No pictures go into the output, which should consist only of the lines from the first line of the data through the line with "Using AlphaFold and", copied exactly.
━━━━━ Data supplied ━━━━━
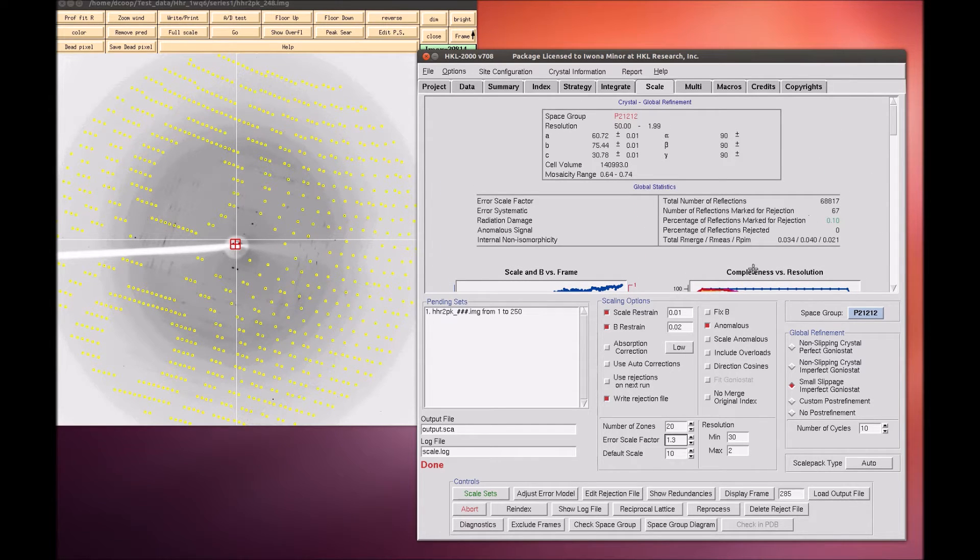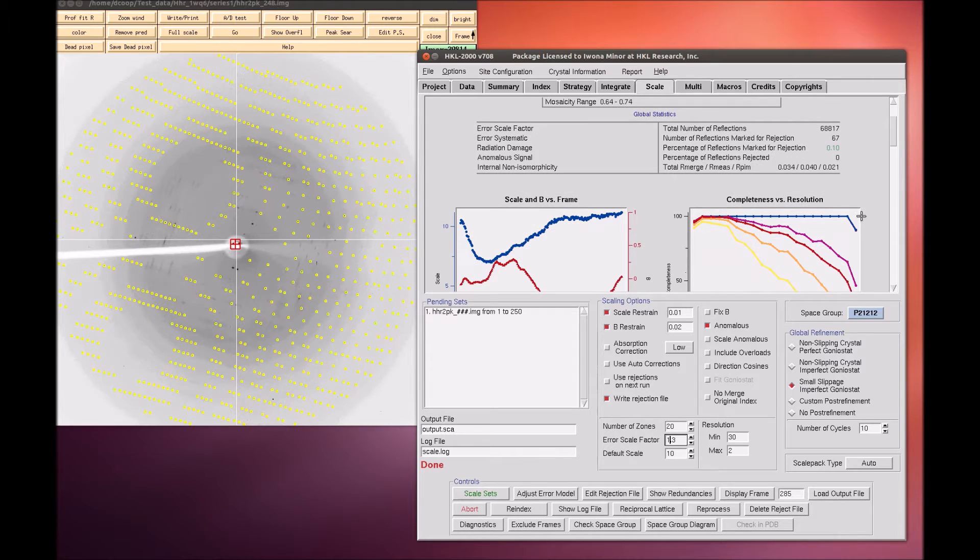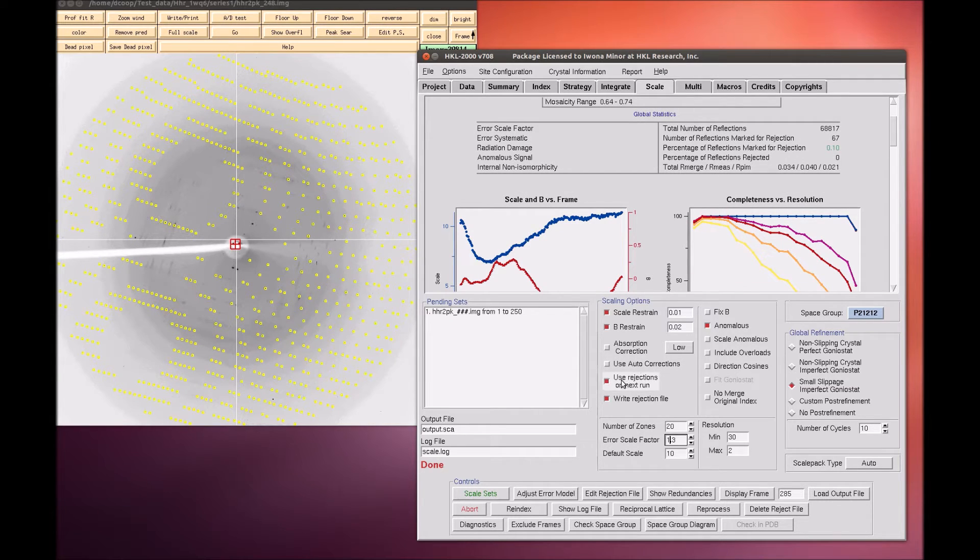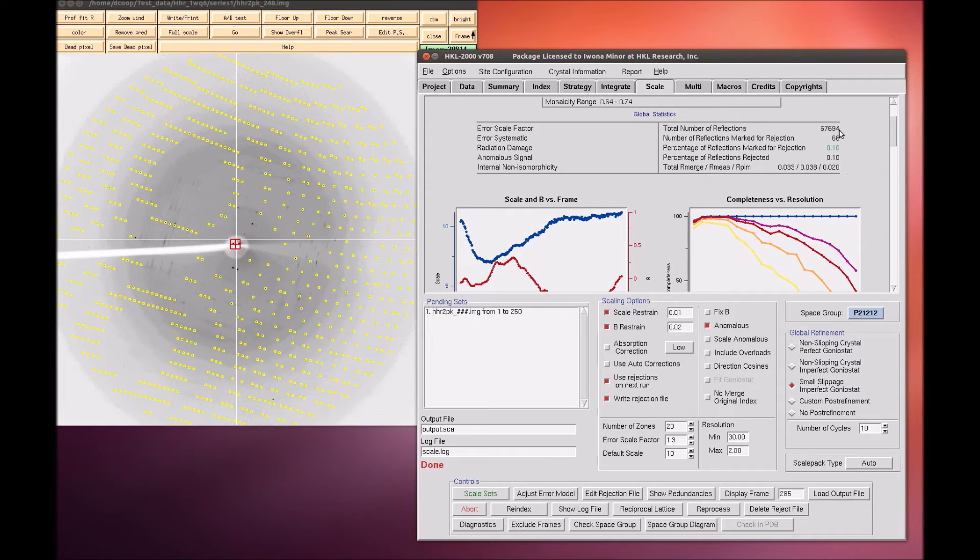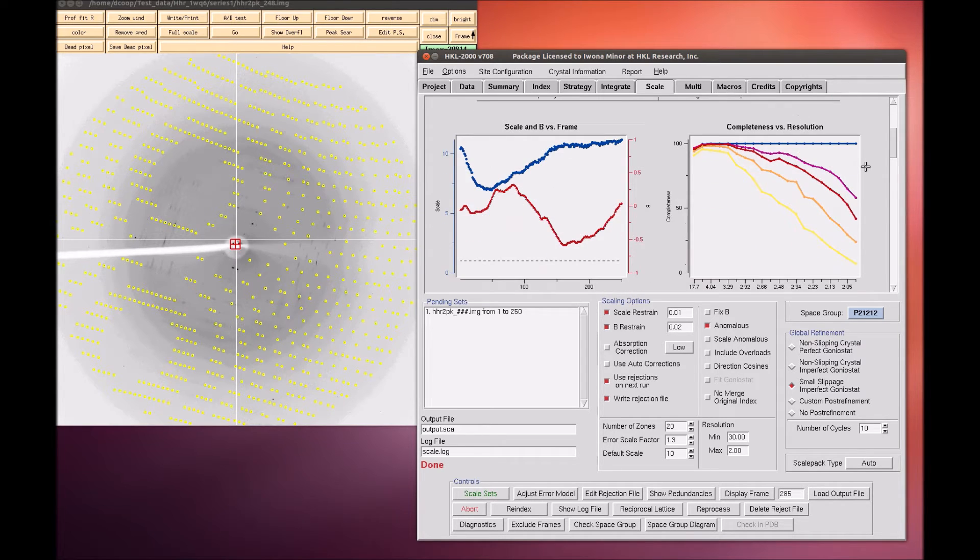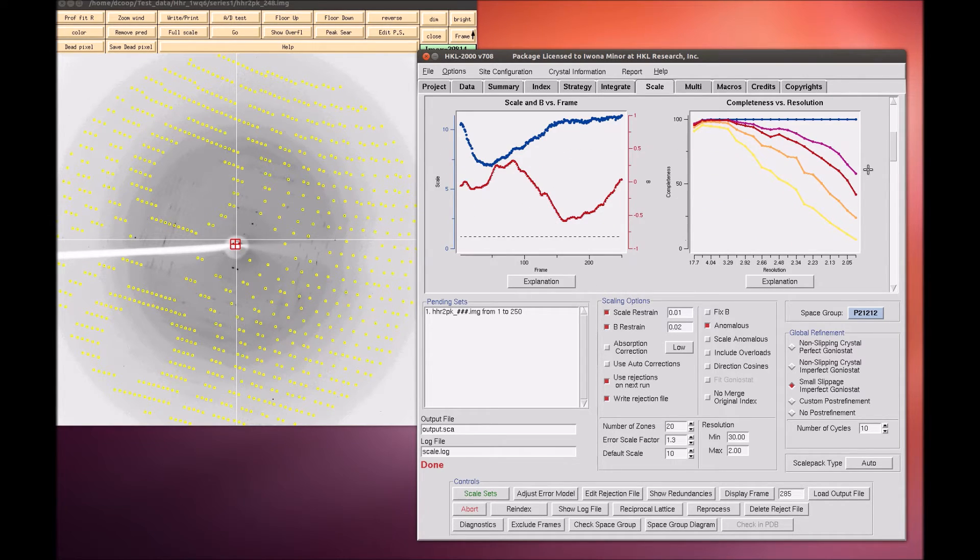Once the data has been scaled once, some reflections will probably be flagged for rejection. Select Use rejections on next run to exclude these reflections from the scaling process. Scale the data a few times until the number of reflections marked for rejection stabilizes and the global statistics are also stable.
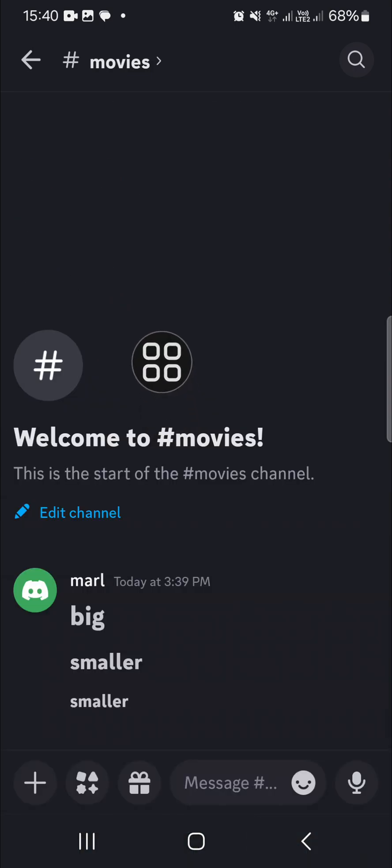All right guys, and that's all the way to create big text on Discord mobile or Discord PC. I hope this tutorial will be useful for you. Thank you so much for watching and see you in the next video.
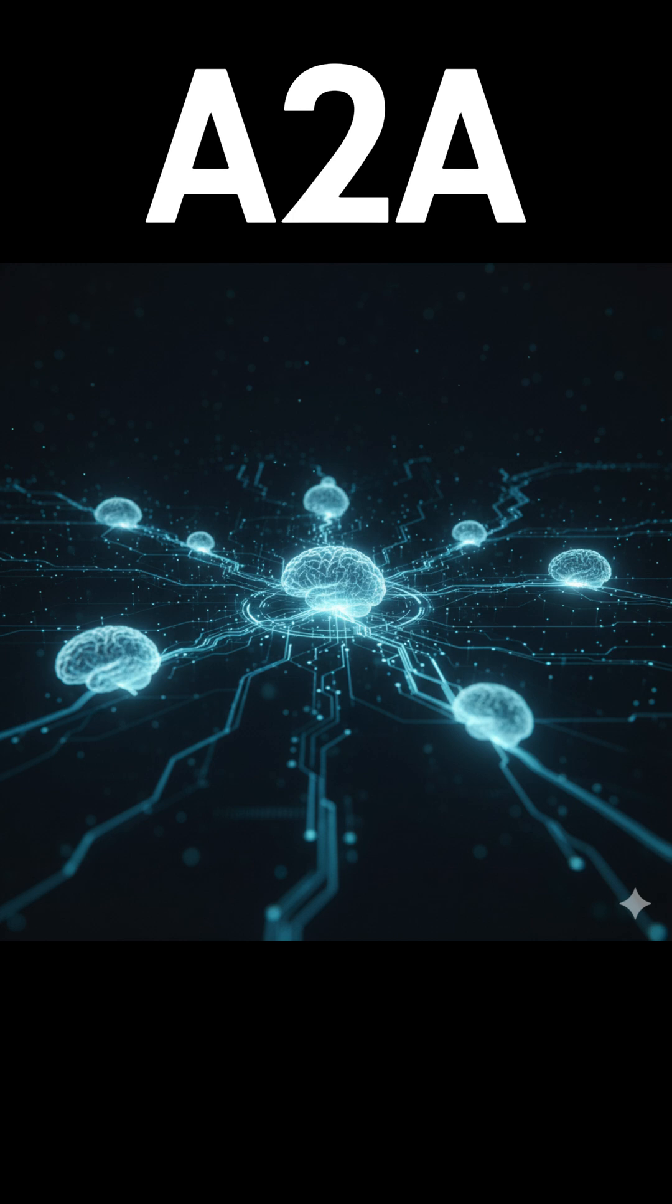Google's A2A is trying to become the foundation that makes this new ecosystem work, almost like how Internet standards allow devices around the world to connect reliably. In simple terms, A2A is Google's way of helping different AIs understand each other and act as a team.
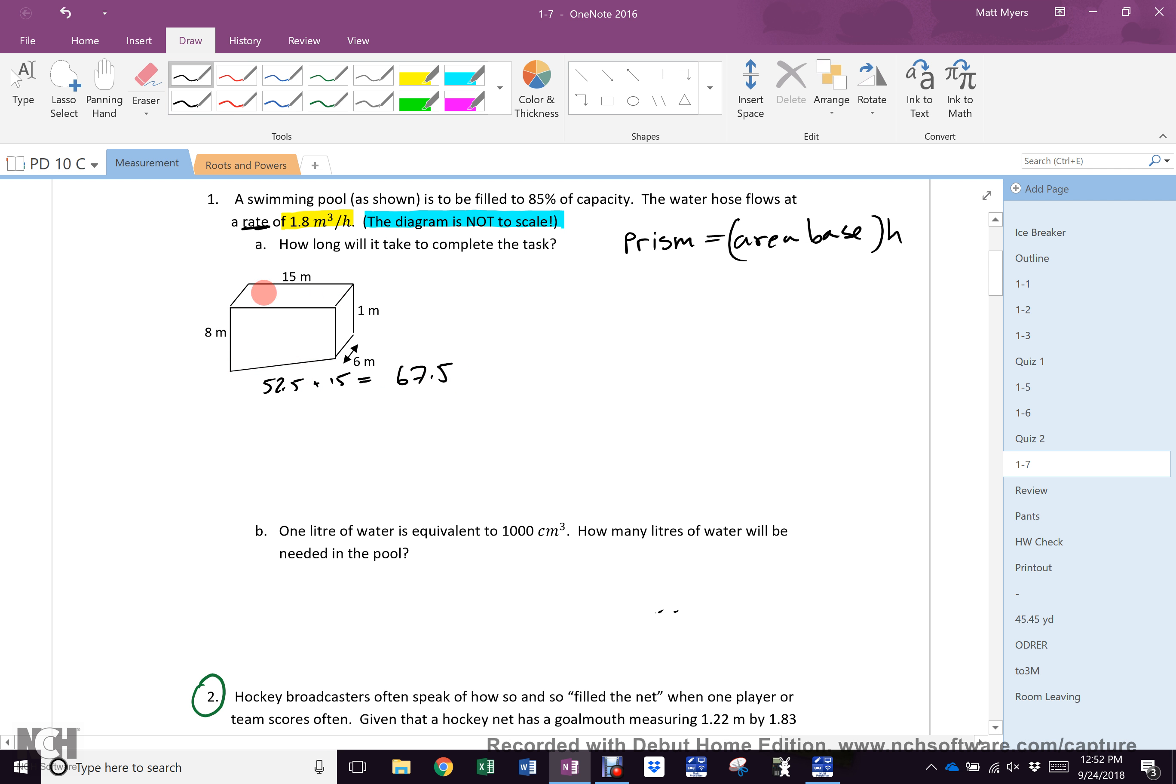Which you then multiply by 6, because the height is, of course, the direction that the base repeats, to get 405.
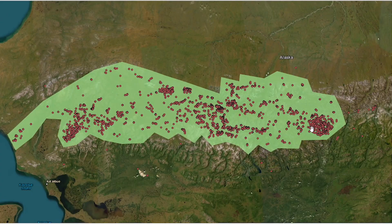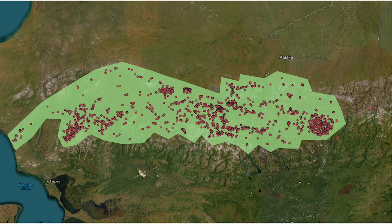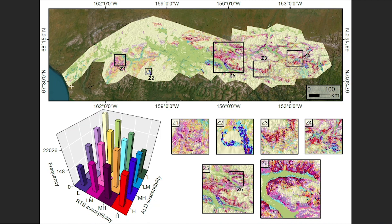I trained my generalized additive models on these locations, giving it the presences and the predictors as mentioned before. The results of the model are shown in this map, where we have the probability of having both retrogressive thaw slumps and active layer detachments. In particular, we can see the red pixels, which are the regions where both RTSs and active layer detachments are more likely to occur in the future.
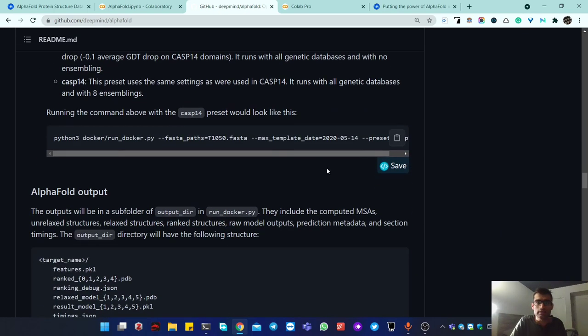Using AlphaFold and getting a structure prediction — hopefully you'll be amazed and surprised by the results. Thank you for watching.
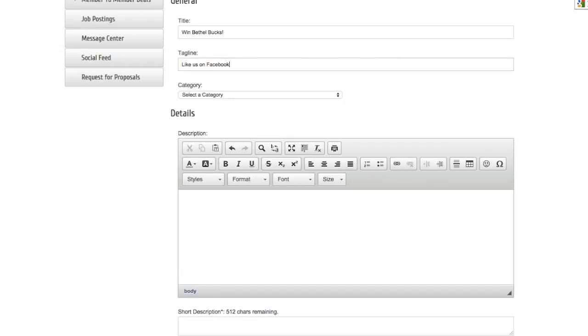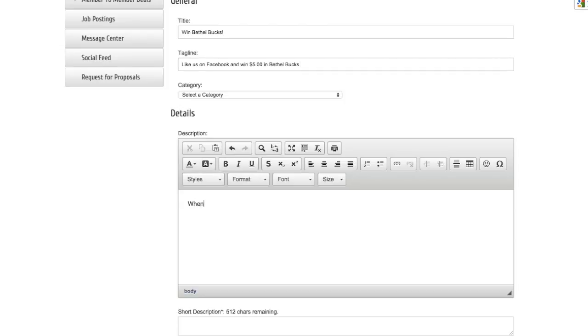Then you may add a tagline that informs members a little bit more about what this deal entails. Now you can enclose full details about this deal and everything that needs to be done to achieve this deal and what this deal will bring to members.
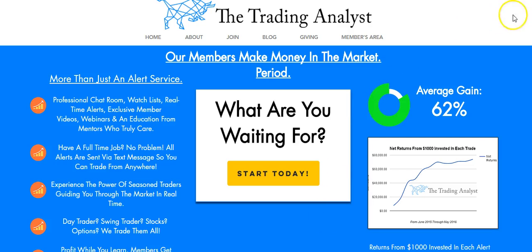Thanks for stopping by, everyone. If you're not already a member, visit us on the homepage and get to know us a little bit better. If you like the free videos and analysis we give to you on a daily basis, it's nothing compared to the membership at thetradinganalyst.com. The best part is, once you sign up, you're going to get instant access to those profitable trade alerts that our members are getting on a regular basis. It's a great opportunity and we'd love to have you.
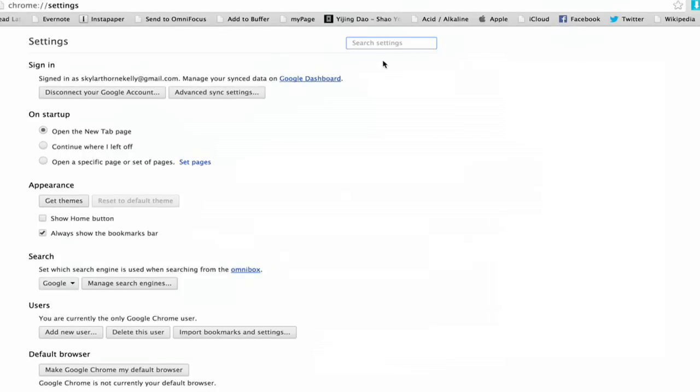If you'd like to turn it off, follow me into your settings. Search for privacy.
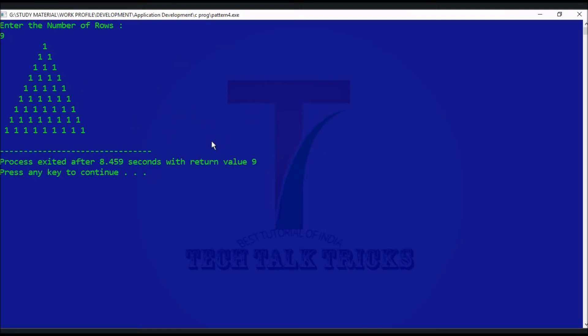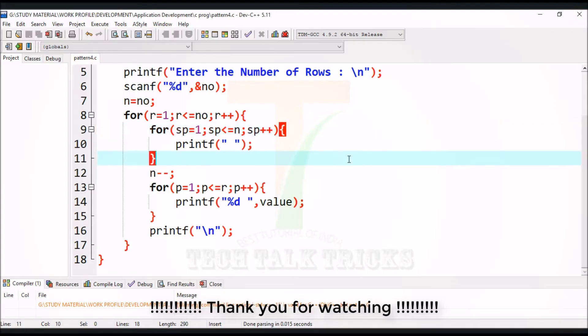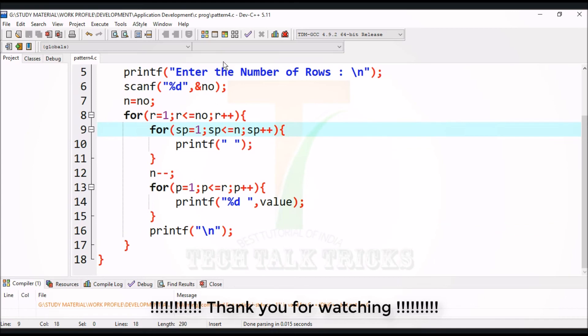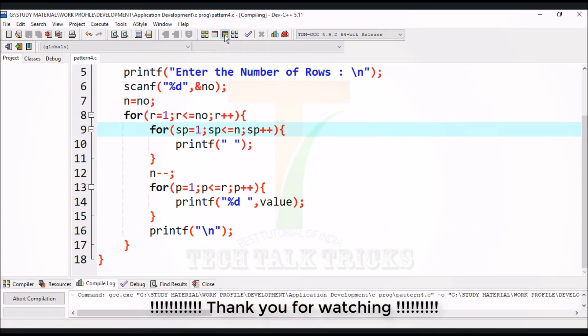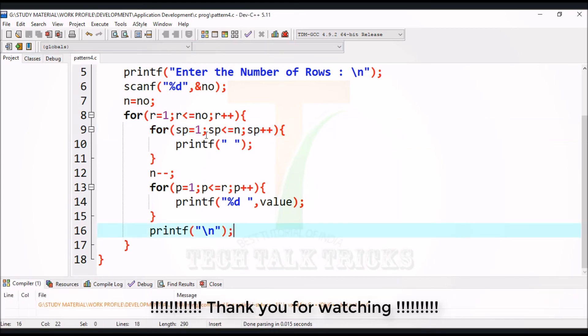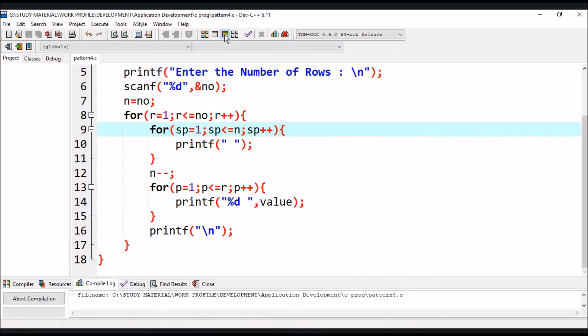If you like this video then please like our video, click on subscribe button and also click on bell icon to get notification of more upcoming videos at our channel. Thank you for watching. Have a nice day.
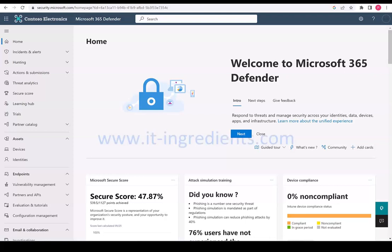In this video, I'm going to demonstrate how you can get a complete view of all the applications, browser extensions, certificates, hardware and firmware details on the servers onboarded to Microsoft Defender for endpoint.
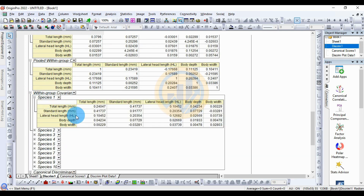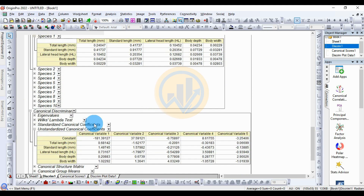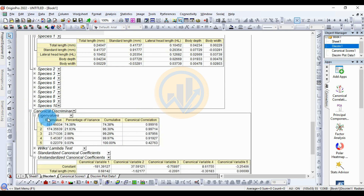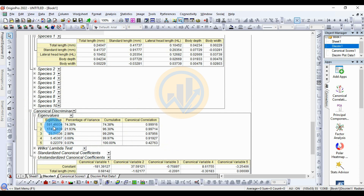Click the plus symbol to expand the within-group table for the 10 species. Next, the canonical discriminant analysis section — the eigenvalue table for the five canonical variables. The first eigenvalue is 591.46, percentage of variance is 74.38% — the highest percentage — and cumulative value is 74.38%.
━━━━━
▸ **Output for this task**
Once the data has been scaled once, some reflections will probably be flagged for rejection. Select Use rejections on next run to exclude these reflections from the scaling process. Scale the data a few times until the number of reflections marked for rejection stabilizes and the global statistics are also stable.
All right guys, and that's all the way to create big text on Discord mobile or Discord PC. I hope this tutorial will be useful for you. Thank you so much for watching and see you in the next video.
Google's A2A is trying to become the foundation that makes this new ecosystem work, almost like how Internet standards allow devices around the world to connect reliably. In simple terms, A2A is Google's way of helping different AIs understand each other and act as a team.
Which you then multiply by 6, because the height is, of course, the direction that the base repeats, to get 405.
I trained my generalized additive models on these locations, giving it the presences and the predictors as mentioned before. The results of the model are shown in this map, where we have the probability of having both retrogressive thaw slumps and active layer detachments. In particular, we can see the red pixels, which are the regions where both RTSs and active layer detachments are more likely to occur in the future.
Using AlphaFold and getting a structure prediction — hopefully you'll be amazed and surprised by the results. Thank you for watching.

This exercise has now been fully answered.